Xconomy Podcast: Bill Gates Speaks at MIT April 21, 2010 |
CLICK TO PLAY
|
Gates opened by joking that he’d promised his dad after dropping out of Harvard that he’d go back to college, and that he was now doing it, one day at a time. But he quickly segued into the serious subject of his talk, which was his conviction that schools like MIT are not turning out enough students who want to solve the kinds of big global problems that that Gates Foundation concentrates on. “Mostly I’ll talk about a question that fascinates, me, and that is, are the brightest minds focusing on the hardest problems?” Gates said. “To the degree that they’re not, how can we increase that?”

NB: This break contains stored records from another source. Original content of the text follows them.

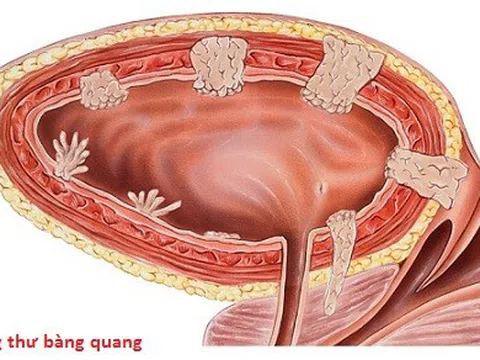 Đau vùng hông thắt lưng chớ có chủ quan bởi đây có thể là dấu hiệu  của ung thư bàng quang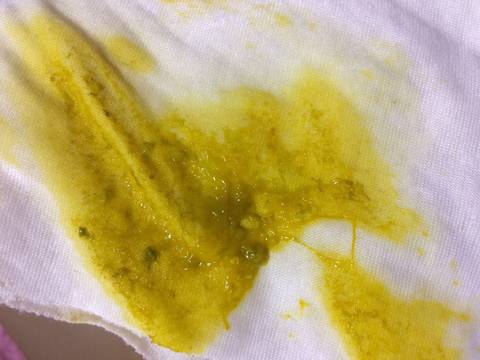 直大便稀,次数多,喂点妈咪爱好点,屁屁红,破皮,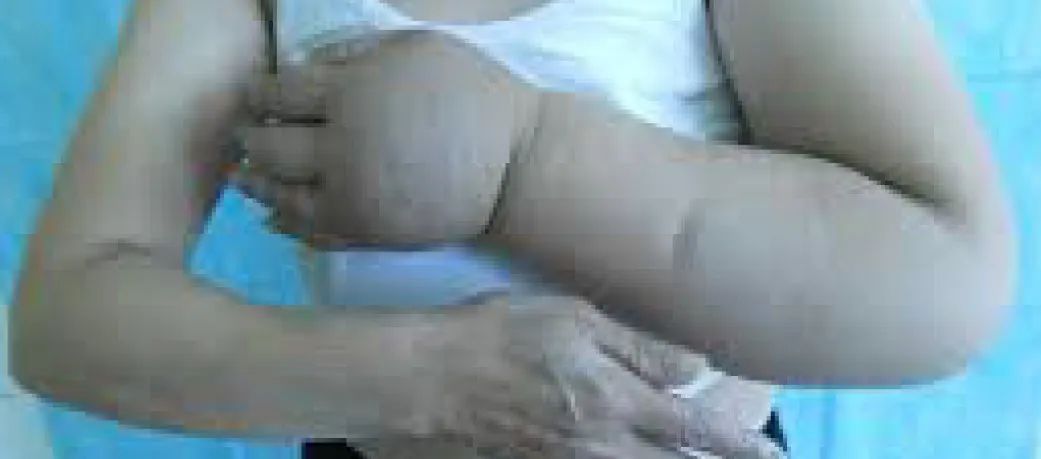 发现|继发性淋巴水肿的潜在治疗靶点及药物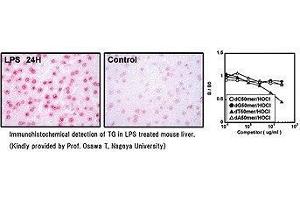 Immunohistochemical detection of TG in LPS treated mouse liver. (Thymidine Glycol antibody)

Gates argued that that are “five or six things that we haven’t put enough attention toward that would make a huge difference.” Among those, in his mind, are education, agriculture, nutrition, child health, reproductive health, and low-carbon energy sources. Gates said, only half jokingly, that his dream is to reach a day when high-IQ people spend their weekends arguing about the new teaching methods with the best outcomes, rather than which way the stock market is heading or who’s going to advance in the NCAA basketball tournament.

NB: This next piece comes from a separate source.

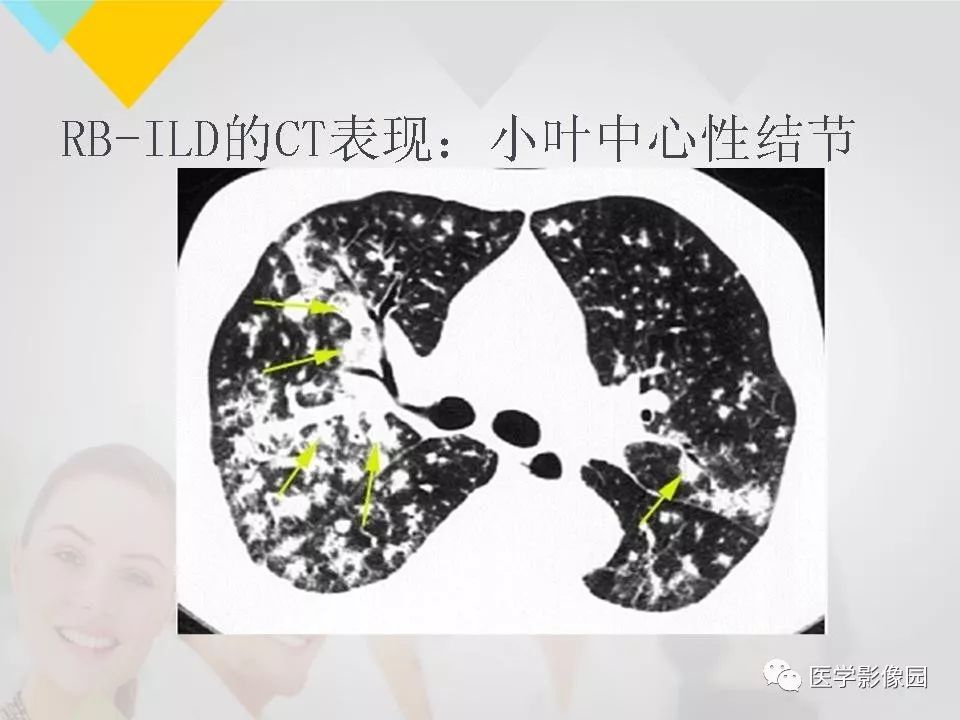 影像PPT - 【PPT】吸烟相关性间质性肺疾病的HRCT诊断-23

“We have lots of talent that could be shifted, at least to some degree, from sports, entertainment, and investing,” Gates said. “Even in the areas of innovation and science a lot of that focuses on the needs of the rich. There is a great deal of work on baldness cures….and while I know some people who would be easier to look at if they used a baldness drug, how can we have a shift?” Most of the key work on malaria, a disease that kills a million people every year, is done by just 100 scientists around the world, Gates pointed out.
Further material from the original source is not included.